Exercise requirements:
Exactly the lines below from the line with "20% Off Frontier" through the line with "Metex 2200P pH" must make up the answer, both ends included and pictures left out.

Input for this task:
..............................

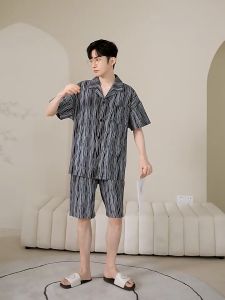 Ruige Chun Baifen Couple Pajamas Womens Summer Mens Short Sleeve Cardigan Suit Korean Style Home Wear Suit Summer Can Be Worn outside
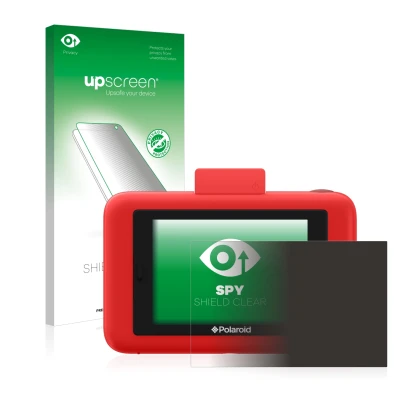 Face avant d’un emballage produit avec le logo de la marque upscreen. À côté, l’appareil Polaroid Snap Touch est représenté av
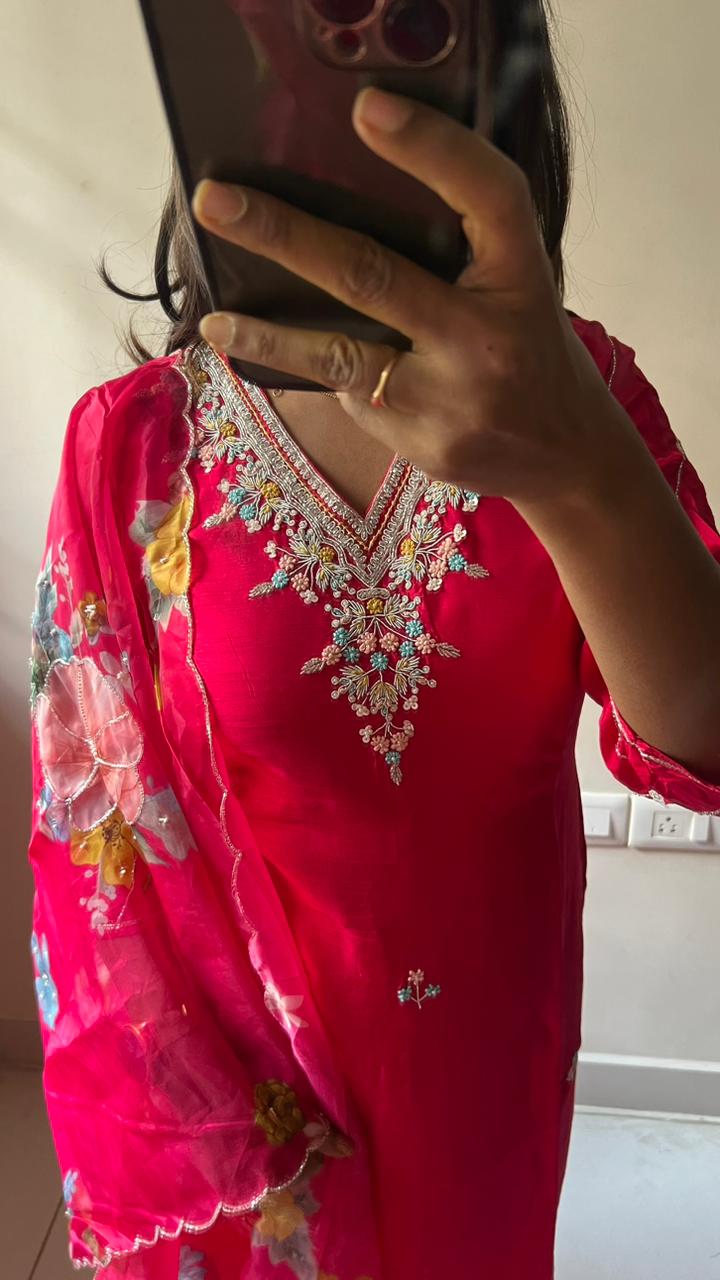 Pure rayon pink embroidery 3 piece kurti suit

..............................

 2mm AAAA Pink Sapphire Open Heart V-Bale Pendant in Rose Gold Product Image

..............................

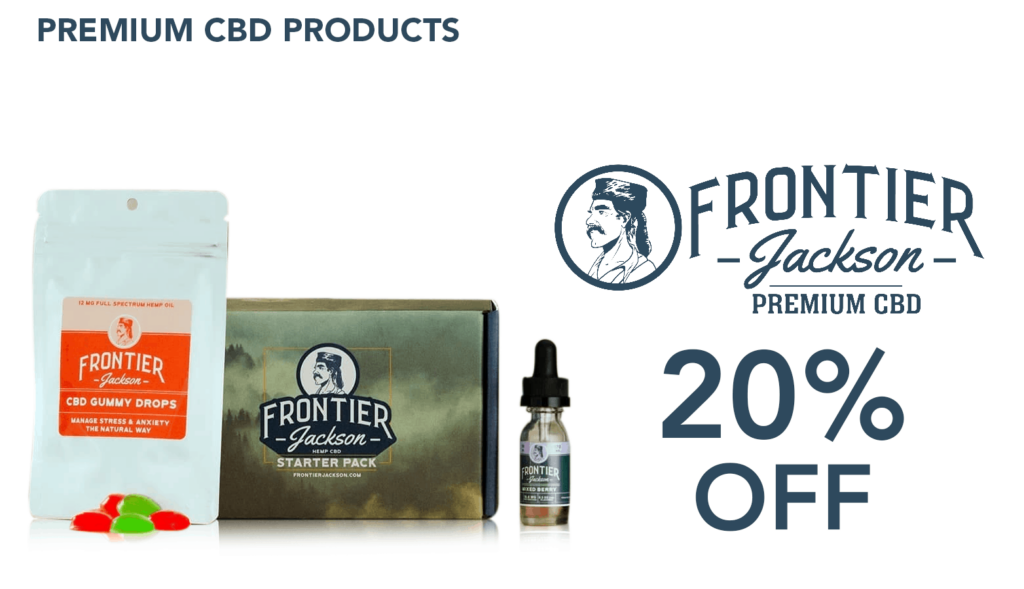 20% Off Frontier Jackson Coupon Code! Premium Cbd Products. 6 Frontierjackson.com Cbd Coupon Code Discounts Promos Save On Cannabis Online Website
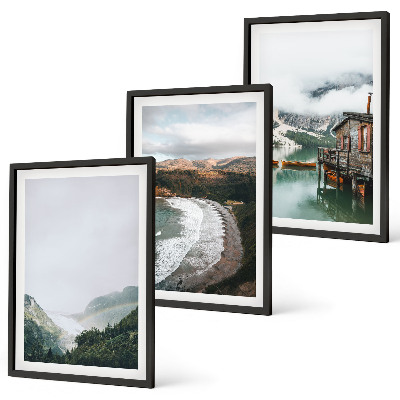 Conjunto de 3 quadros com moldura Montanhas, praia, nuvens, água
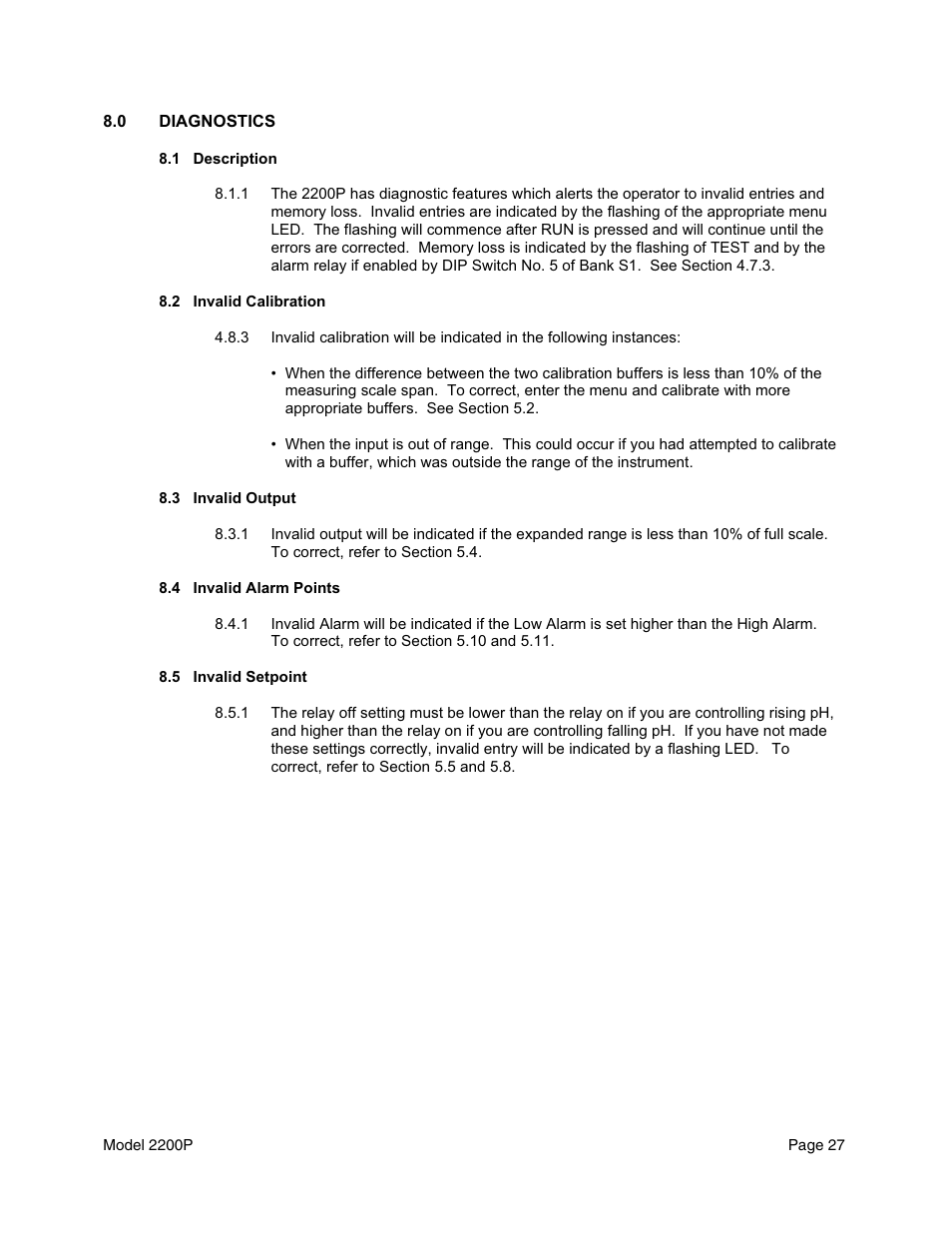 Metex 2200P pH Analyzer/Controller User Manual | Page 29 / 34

..............................

Response to the exercise:
 20% Off Frontier Jackson Coupon Code! Premium Cbd Products. 6 Frontierjackson.com Cbd Coupon Code Discounts Promos Save On Cannabis Online Website
 Conjunto de 3 quadros com moldura Montanhas, praia, nuvens, água
 Metex 2200P pH Analyzer/Controller User Manual | Page 29 / 34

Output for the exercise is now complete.